Pursuant to 29 CFR 90.18(c) reconsideration may be granted under
the following circumstances:
(1) If it appears on the basis of facts not previously considered
that the determination complained of was erroneous;
(2) If it appears that the determination complained of was based on
a mistake
[[Page 27562]]
in the determination of facts not previously considered; or
(3) If in the opinion of the Certifying Officer, a mis-
interpretation of facts or of the law justified reconsideration of the
decision.
The TAA petition, which was filed on behalf of workers at
Ameridrives International, LLC, Erie, Pennsylvania engaged in the
production of industrial couplings, was denied based on the findings
that during the relevant time period, sales and production of
industrial couplings at the subject firm did not decrease and no shift
in production to a foreign country occurred.
In the request for reconsideration, the petitioners provided the
same reasons, as in the initial petition, why workers of the subject
firm should be eligible for TAA. In particular, the petitioners alleged
that a 202.5 Spacer (Part 079507-001) ``at one time was
machined complete at Ameridrives and is now being manufactured at Great
Taiwan Gear in Taiwan.''
The company official was contacted to address this allegation.
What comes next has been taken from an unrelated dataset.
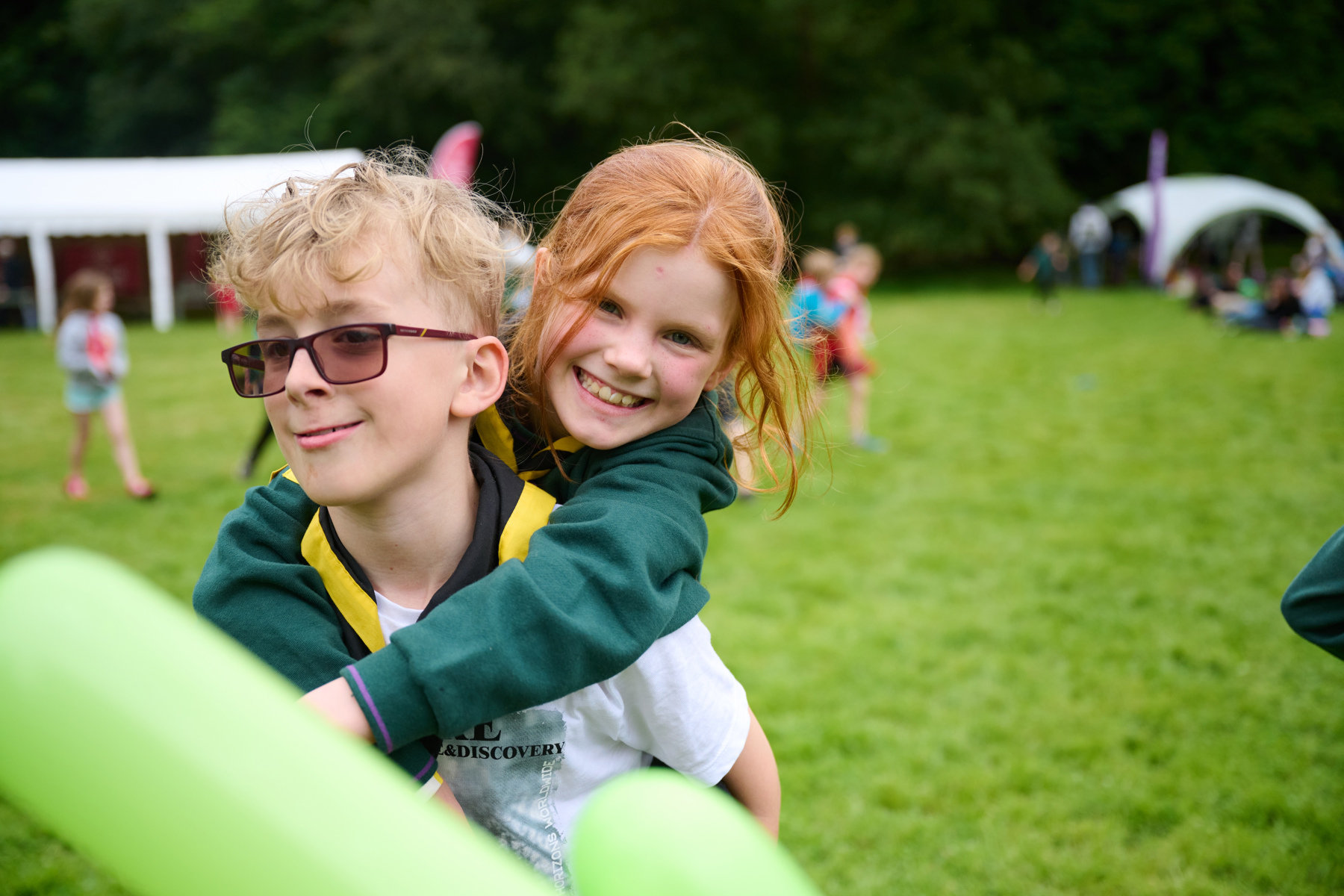 One young person puts their arms around the other while they both smile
The
official indicated that production of 202.5 Spacer (Part
079507-001) ceased at the subject firm in 2005.
When assessing eligibility for TAA, the Department exclusively
considers production during the relevant time period (one year prior to
the date of the petition). Therefore, events occurring in 2005 are
outside of the relevant time period and are not relevant in this
investigation.
The petitioners also stated that ``large universal joint components
such as yokes, crosses and roller bearings are now all purchased from
China''.
The company official stated that yokes, crosses and roller bearings
are ``raw state materials'' used in the production of industrial
couplings. The official also stated that since 1999 manufacturing of
these parts have been outsourced to other companies as they were no
longer produced at the subject firm.
The petitioners attached two documents showing Ameridrives foreign
sister facilities, where ``products formerly made in Erie could be
possibly now be manufactured.''
According to the company official, none of the Ameridrives foreign
facilities manufacture like or directly competitive products with
industrial couplings manufactured by the subject facility in Erie,
Pennsylvania.
The petitioner did not supply facts not previously considered; nor
provide additional documentation indicating that there was either (1) a
mistake in the determination of facts not previously considered or (2)
a misinterpretation of facts or of the law justifying reconsideration
of the initial determination.
After careful review of the request for reconsideration, the
Department determines that 29 CFR 90.18(c) has not been met.
Conclusion
After review of the application and investigative findings, I
conclude that there has been no error or misinterpretation of the law
or of the facts which would justify reconsideration of the Department
of Labor's prior decision. Accordingly, the application is denied.
Signed at Washington, DC, this 7th day of May, 2008.
Elliott S. Kushner,
Certifying Officer, Division of Trade Adjustment Assistance.